▶ Task description: All entries shown below should be duplicated character for character.

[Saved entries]
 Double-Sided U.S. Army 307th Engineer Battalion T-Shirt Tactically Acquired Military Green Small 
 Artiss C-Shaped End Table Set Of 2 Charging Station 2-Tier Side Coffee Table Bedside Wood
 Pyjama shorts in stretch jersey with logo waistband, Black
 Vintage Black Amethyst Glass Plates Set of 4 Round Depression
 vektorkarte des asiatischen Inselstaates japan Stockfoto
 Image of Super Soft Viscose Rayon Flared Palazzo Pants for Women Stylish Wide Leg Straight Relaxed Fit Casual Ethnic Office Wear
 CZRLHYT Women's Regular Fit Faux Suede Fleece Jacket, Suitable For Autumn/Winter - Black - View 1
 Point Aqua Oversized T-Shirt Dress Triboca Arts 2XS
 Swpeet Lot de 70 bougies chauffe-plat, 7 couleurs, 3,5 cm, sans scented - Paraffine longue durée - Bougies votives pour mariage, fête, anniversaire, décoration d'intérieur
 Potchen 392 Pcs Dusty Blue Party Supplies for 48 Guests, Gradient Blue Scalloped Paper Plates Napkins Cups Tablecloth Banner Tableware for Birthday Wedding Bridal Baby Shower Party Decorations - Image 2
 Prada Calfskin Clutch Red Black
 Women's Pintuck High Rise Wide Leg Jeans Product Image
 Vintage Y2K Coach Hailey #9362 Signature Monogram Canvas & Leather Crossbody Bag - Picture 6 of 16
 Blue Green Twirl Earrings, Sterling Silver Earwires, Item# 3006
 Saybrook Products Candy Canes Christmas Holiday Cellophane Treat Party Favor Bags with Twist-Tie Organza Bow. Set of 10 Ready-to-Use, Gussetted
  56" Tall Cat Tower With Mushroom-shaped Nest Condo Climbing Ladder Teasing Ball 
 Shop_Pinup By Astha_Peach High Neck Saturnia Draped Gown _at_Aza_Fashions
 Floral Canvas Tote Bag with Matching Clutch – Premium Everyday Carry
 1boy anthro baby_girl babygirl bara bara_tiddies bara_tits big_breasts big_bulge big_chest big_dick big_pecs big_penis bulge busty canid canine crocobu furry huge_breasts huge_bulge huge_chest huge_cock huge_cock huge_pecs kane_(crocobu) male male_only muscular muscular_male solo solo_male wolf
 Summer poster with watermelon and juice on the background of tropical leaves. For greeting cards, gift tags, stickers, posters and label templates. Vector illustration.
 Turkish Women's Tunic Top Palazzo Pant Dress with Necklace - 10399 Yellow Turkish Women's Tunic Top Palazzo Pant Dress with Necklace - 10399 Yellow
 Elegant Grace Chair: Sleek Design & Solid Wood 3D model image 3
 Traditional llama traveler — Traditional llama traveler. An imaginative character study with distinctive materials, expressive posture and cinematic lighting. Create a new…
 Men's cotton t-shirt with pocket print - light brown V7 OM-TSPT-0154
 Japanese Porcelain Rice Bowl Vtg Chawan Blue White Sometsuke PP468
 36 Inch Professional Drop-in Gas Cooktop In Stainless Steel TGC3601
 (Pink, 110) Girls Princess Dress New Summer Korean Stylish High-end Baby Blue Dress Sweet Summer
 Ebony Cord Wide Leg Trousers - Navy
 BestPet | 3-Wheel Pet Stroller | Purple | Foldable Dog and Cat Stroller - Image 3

▶ Result of the task:
 Double-Sided U.S. Army 307th Engineer Battalion T-Shirt Tactically Acquired Military Green Small 
 Artiss C-Shaped End Table Set Of 2 Charging Station 2-Tier Side Coffee Table Bedside Wood
 Pyjama shorts in stretch jersey with logo waistband, Black
 Vintage Black Amethyst Glass Plates Set of 4 Round Depression
 vektorkarte des asiatischen Inselstaates japan Stockfoto
 Image of Super Soft Viscose Rayon Flared Palazzo Pants for Women Stylish Wide Leg Straight Relaxed Fit Casual Ethnic Office Wear
 CZRLHYT Women's Regular Fit Faux Suede Fleece Jacket, Suitable For Autumn/Winter - Black - View 1
 Point Aqua Oversized T-Shirt Dress Triboca Arts 2XS
 Swpeet Lot de 70 bougies chauffe-plat, 7 couleurs, 3,5 cm, sans scented - Paraffine longue durée - Bougies votives pour mariage, fête, anniversaire, décoration d'intérieur
 Potchen 392 Pcs Dusty Blue Party Supplies for 48 Guests, Gradient Blue Scalloped Paper Plates Napkins Cups Tablecloth Banner Tableware for Birthday Wedding Bridal Baby Shower Party Decorations - Image 2
 Prada Calfskin Clutch Red Black
 Women's Pintuck High Rise Wide Leg Jeans Product Image
 Vintage Y2K Coach Hailey #9362 Signature Monogram Canvas & Leather Crossbody Bag - Picture 6 of 16
 Blue Green Twirl Earrings, Sterling Silver Earwires, Item# 3006
 Saybrook Products Candy Canes Christmas Holiday Cellophane Treat Party Favor Bags with Twist-Tie Organza Bow. Set of 10 Ready-to-Use, Gussetted
  56" Tall Cat Tower With Mushroom-shaped Nest Condo Climbing Ladder Teasing Ball 
 Shop_Pinup By Astha_Peach High Neck Saturnia Draped Gown _at_Aza_Fashions
 Floral Canvas Tote Bag with Matching Clutch – Premium Everyday Carry
 1boy anthro baby_girl babygirl bara bara_tiddies bara_tits big_breasts big_bulge big_chest big_dick big_pecs big_penis bulge busty canid canine crocobu furry huge_breasts huge_bulge huge_chest huge_cock huge_cock huge_pecs kane_(crocobu) male male_only muscular muscular_male solo solo_male wolf
 Summer poster with watermelon and juice on the background of tropical leaves. For greeting cards, gift tags, stickers, posters and label templates. Vector illustration.
 Turkish Women's Tunic Top Palazzo Pant Dress with Necklace - 10399 Yellow Turkish Women's Tunic Top Palazzo Pant Dress with Necklace - 10399 Yellow
 Elegant Grace Chair: Sleek Design & Solid Wood 3D model image 3
 Traditional llama traveler — Traditional llama traveler. An imaginative character study with distinctive materials, expressive posture and cinematic lighting. Create a new…
 Men's cotton t-shirt with pocket print - light brown V7 OM-TSPT-0154
 Japanese Porcelain Rice Bowl Vtg Chawan Blue White Sometsuke PP468
 36 Inch Professional Drop-in Gas Cooktop In Stainless Steel TGC3601
 (Pink, 110) Girls Princess Dress New Summer Korean Stylish High-end Baby Blue Dress Sweet Summer
 Ebony Cord Wide Leg Trousers - Navy
 BestPet | 3-Wheel Pet Stroller | Purple | Foldable Dog and Cat Stroller - Image 3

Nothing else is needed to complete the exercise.